## What to work on
Starting at the line below holding "This interior space" and stopping at the line holding "Photo of Close", print every line exactly, both ends included, and leave the rest out.

Scraped caption text data:
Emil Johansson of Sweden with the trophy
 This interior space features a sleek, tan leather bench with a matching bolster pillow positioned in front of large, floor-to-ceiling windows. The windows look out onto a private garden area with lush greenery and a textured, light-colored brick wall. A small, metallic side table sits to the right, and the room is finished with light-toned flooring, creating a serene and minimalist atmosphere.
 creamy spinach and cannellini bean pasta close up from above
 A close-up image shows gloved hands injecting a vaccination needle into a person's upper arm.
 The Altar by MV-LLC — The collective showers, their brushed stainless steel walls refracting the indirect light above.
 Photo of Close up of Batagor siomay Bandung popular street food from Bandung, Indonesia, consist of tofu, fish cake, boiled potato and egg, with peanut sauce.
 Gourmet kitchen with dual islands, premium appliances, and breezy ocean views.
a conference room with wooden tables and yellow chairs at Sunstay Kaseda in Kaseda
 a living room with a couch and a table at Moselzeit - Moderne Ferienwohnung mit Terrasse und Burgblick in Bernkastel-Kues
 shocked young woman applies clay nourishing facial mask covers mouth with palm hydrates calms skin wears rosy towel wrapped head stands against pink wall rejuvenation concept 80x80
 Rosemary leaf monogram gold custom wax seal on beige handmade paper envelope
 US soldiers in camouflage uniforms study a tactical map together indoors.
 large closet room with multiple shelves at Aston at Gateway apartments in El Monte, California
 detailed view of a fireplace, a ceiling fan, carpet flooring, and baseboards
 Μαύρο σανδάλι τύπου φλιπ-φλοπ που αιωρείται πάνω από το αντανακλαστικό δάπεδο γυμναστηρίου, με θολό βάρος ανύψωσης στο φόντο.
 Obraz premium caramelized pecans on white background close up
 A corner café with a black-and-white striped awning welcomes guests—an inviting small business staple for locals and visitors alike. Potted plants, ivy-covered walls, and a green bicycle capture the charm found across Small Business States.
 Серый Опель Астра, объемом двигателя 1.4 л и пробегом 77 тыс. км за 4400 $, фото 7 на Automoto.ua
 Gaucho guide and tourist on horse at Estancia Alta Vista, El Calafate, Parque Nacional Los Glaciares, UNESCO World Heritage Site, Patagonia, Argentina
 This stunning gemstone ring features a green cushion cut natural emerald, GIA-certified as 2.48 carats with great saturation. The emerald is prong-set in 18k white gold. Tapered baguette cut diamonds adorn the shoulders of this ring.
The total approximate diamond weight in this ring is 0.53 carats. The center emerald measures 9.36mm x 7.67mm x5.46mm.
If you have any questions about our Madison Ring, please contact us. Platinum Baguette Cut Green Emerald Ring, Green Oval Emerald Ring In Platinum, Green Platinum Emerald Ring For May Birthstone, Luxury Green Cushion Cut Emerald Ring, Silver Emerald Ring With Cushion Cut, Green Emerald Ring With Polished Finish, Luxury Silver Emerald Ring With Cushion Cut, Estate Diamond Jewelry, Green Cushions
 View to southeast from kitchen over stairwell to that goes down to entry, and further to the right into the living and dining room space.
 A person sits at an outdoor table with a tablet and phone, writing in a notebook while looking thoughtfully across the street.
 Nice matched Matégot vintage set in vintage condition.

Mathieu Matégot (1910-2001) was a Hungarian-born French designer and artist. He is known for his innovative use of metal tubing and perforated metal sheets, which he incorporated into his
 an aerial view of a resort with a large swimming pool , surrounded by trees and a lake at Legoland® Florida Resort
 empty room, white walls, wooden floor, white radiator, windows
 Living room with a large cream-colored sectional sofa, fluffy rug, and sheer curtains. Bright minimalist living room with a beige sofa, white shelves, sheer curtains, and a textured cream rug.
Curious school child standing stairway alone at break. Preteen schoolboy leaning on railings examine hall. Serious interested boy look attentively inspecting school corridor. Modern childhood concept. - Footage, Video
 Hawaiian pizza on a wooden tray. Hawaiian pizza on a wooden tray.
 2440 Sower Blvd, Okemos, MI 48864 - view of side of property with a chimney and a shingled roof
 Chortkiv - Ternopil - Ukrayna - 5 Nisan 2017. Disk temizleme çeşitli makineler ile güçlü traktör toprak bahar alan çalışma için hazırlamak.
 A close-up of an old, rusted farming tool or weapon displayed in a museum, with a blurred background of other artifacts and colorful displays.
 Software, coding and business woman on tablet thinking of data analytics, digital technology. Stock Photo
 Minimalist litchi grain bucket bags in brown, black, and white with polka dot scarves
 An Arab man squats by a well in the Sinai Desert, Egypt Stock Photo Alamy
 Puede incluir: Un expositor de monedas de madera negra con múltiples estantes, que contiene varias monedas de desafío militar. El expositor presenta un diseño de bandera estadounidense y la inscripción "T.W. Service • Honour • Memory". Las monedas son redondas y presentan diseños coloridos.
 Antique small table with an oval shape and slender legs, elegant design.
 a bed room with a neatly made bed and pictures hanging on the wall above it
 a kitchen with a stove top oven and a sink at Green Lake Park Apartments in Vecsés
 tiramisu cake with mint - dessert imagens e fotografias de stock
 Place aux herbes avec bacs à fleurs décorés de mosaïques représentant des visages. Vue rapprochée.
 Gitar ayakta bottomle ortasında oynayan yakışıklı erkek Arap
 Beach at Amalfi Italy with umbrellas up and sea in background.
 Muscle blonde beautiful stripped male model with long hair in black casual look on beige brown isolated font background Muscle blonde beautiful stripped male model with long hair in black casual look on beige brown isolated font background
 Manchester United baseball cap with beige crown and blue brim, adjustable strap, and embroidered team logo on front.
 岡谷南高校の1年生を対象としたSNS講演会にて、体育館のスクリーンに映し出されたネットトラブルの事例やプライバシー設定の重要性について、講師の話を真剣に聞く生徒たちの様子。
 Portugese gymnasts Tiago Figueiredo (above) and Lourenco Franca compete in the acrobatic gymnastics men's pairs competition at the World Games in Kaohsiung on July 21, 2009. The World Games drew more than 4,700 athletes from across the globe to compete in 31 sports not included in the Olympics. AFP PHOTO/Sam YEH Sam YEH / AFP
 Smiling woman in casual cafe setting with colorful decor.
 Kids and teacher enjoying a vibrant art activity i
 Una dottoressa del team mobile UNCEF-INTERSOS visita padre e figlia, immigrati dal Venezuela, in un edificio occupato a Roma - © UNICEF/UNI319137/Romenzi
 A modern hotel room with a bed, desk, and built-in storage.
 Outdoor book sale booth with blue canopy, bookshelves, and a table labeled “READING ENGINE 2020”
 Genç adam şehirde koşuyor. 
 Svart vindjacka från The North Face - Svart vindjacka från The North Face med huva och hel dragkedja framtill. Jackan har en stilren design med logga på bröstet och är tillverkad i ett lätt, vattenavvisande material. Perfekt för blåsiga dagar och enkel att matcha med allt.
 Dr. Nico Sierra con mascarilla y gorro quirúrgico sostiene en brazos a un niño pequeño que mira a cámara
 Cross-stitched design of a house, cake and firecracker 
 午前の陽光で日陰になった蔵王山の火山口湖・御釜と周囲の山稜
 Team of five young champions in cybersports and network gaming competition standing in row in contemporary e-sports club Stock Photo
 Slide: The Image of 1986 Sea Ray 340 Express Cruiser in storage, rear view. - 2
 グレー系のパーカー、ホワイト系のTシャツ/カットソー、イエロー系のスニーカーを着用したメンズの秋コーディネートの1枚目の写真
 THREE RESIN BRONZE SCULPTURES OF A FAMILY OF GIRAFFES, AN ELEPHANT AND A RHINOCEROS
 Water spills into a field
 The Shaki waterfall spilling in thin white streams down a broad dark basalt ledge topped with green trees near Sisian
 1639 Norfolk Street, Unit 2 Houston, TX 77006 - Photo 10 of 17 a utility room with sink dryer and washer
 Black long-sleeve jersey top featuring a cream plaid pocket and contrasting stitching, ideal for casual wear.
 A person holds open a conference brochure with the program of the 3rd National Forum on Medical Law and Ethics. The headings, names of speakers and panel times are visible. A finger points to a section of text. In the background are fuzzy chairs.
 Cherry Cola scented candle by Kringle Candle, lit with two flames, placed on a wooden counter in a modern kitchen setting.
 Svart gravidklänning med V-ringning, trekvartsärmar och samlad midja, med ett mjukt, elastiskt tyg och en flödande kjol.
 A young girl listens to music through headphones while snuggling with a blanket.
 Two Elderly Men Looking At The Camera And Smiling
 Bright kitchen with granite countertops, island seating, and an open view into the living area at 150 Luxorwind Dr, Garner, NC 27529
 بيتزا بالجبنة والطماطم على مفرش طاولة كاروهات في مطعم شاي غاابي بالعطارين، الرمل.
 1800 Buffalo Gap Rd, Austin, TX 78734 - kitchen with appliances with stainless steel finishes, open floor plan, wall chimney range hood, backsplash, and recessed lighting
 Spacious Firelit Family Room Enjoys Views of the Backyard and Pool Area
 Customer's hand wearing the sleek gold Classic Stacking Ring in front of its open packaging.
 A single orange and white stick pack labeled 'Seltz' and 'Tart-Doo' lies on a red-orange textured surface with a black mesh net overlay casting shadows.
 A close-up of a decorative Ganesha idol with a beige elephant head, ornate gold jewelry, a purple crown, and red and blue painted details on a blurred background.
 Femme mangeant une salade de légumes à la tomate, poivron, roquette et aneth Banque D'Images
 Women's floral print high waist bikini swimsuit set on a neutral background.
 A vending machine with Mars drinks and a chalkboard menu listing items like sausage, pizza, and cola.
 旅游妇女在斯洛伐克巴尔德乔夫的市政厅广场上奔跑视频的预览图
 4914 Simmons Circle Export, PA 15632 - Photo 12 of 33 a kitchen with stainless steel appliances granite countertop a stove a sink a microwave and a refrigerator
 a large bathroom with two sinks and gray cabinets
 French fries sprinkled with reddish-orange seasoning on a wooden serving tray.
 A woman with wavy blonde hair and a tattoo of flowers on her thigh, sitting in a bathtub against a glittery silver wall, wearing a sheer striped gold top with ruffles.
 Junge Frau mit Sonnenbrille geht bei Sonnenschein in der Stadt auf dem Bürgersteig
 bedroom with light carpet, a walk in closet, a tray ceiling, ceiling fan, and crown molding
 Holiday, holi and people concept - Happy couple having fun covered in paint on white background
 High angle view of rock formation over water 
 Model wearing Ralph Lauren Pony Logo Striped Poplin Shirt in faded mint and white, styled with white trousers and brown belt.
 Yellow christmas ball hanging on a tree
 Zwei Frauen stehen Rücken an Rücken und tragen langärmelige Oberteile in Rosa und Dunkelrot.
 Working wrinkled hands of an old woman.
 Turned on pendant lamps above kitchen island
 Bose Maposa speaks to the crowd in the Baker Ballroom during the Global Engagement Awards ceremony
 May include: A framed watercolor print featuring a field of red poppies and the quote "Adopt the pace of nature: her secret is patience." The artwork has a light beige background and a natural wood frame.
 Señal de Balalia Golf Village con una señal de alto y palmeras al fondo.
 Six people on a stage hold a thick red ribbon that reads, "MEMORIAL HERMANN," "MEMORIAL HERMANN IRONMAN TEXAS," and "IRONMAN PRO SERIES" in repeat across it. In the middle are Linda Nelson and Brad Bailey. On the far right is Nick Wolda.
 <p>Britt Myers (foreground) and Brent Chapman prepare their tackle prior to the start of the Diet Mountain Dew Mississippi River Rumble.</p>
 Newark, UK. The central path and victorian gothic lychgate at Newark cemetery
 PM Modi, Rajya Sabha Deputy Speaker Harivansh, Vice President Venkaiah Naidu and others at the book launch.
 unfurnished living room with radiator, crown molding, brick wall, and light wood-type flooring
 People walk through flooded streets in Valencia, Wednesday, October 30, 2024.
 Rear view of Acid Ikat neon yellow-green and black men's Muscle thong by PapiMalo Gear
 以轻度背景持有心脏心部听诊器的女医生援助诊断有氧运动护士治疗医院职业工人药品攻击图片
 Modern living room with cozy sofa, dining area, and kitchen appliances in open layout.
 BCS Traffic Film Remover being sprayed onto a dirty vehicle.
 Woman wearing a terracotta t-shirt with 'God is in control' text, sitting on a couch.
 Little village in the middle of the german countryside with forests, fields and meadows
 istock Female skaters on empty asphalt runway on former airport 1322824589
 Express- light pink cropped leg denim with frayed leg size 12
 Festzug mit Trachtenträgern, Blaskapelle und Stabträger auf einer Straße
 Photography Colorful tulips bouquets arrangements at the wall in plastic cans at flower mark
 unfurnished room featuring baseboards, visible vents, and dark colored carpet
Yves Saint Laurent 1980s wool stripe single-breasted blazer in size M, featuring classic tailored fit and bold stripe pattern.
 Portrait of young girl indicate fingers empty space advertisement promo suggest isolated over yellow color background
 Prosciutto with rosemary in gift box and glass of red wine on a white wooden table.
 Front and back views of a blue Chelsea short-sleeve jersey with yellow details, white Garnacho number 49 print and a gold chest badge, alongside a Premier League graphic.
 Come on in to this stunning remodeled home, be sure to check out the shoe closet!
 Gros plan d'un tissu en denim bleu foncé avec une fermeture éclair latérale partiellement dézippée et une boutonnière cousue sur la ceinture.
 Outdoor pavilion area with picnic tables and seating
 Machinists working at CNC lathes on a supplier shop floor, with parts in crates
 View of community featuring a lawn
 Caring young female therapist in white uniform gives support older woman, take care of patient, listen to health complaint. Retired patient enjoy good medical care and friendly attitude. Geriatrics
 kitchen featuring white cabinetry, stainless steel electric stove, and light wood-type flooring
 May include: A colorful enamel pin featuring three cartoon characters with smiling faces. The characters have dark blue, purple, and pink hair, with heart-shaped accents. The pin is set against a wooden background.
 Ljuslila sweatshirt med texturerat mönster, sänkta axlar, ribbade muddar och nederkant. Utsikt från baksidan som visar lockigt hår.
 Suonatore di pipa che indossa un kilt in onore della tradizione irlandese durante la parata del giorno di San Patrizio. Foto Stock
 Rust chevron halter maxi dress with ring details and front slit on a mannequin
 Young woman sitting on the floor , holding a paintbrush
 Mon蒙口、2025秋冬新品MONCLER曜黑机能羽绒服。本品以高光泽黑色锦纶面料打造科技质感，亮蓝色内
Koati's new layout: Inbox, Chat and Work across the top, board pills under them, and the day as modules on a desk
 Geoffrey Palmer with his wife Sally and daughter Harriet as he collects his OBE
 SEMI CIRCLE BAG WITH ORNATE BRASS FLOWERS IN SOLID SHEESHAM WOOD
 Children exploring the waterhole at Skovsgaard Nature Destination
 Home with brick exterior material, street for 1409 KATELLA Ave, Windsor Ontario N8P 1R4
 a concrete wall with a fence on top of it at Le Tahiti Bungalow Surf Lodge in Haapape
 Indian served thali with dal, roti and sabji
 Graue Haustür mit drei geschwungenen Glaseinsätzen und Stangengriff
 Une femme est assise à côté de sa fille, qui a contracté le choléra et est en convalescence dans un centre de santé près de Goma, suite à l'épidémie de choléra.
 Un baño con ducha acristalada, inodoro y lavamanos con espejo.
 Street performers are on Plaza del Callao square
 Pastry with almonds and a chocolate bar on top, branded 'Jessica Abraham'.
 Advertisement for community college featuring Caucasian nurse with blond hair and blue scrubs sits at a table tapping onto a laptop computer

## Solution to this task
 This interior space features a sleek, tan leather bench with a matching bolster pillow positioned in front of large, floor-to-ceiling windows. The windows look out onto a private garden area with lush greenery and a textured, light-colored brick wall. A small, metallic side table sits to the right, and the room is finished with light-toned flooring, creating a serene and minimalist atmosphere.
 creamy spinach and cannellini bean pasta close up from above
 A close-up image shows gloved hands injecting a vaccination needle into a person's upper arm.
 The Altar by MV-LLC — The collective showers, their brushed stainless steel walls refracting the indirect light above.
 Photo of Close up of Batagor siomay Bandung popular street food from Bandung, Indonesia, consist of tofu, fish cake, boiled potato and egg, with peanut sauce.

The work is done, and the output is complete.